It told Reuters by email that the commissioner’s office took part in family reunifications with Ukraine with the involvement of international mediators when “additional efforts are required to facilitate movement and resolve legal issues. Other cases may occur within the framework of the current legislative field and logistical capabilities without the involvement of government agencies.”
Moscow and Kyiv have carried out several exchanges of children for reunification with their families since Russia’s full-scale invasion in February 2022.
Ukraine says more than 19,500 children have been taken to Russia or Russian-occupied territory without the consent of family or guardians during the war, calling the abductions a war crime that meets the UN treaty definition of genocide.
Russia has said it has been evacuating people voluntarily and to protect vulnerable children from the war zone.
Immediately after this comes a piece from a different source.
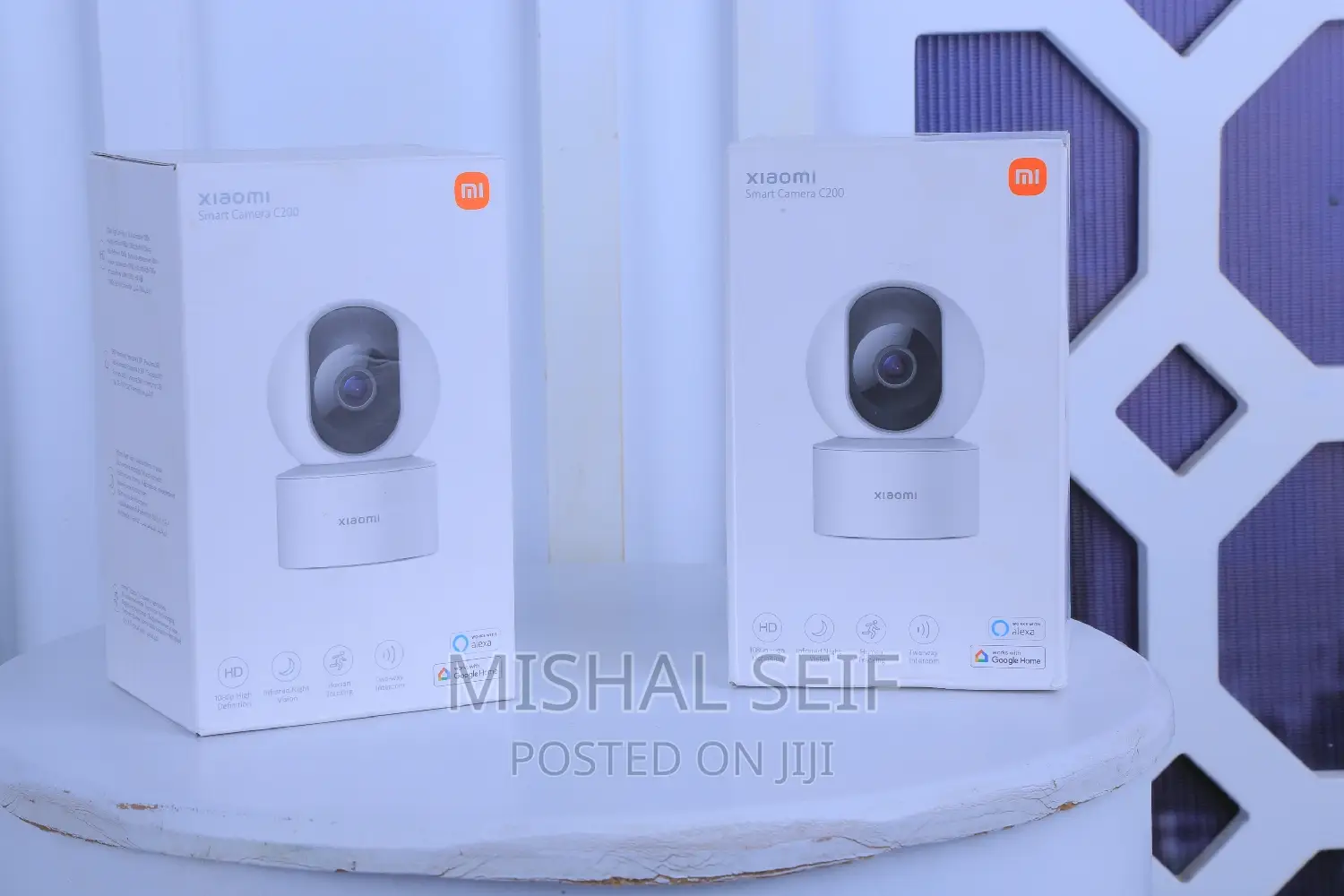 Mi 360° Rotation Security Camera 1080p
Kyiv has brought back 388 children so far, according to data published by Ukraine’s Ministry of Reintegration.
In March 2023, the International Criminal Court issued warrants for the arrest of Lvova-Belova and President Vladimir Putin related to the abduction of Ukrainian children. Russia denounced the warrants as “outrageous and unacceptable”.
Russian drone attack damages homes and railway depot in Ukraine
Ukraine’s military said on Tuesday that it shot down 37 out of 65 Russian drones overnight in an attack that damaged businesses, a railway depot and homes around the nation.
Ukraine’s state railways Ukrzaliznytsia said Russia attacked a depot in the Dnipropetrovsk region, causing significant damage to infrastructure and premises.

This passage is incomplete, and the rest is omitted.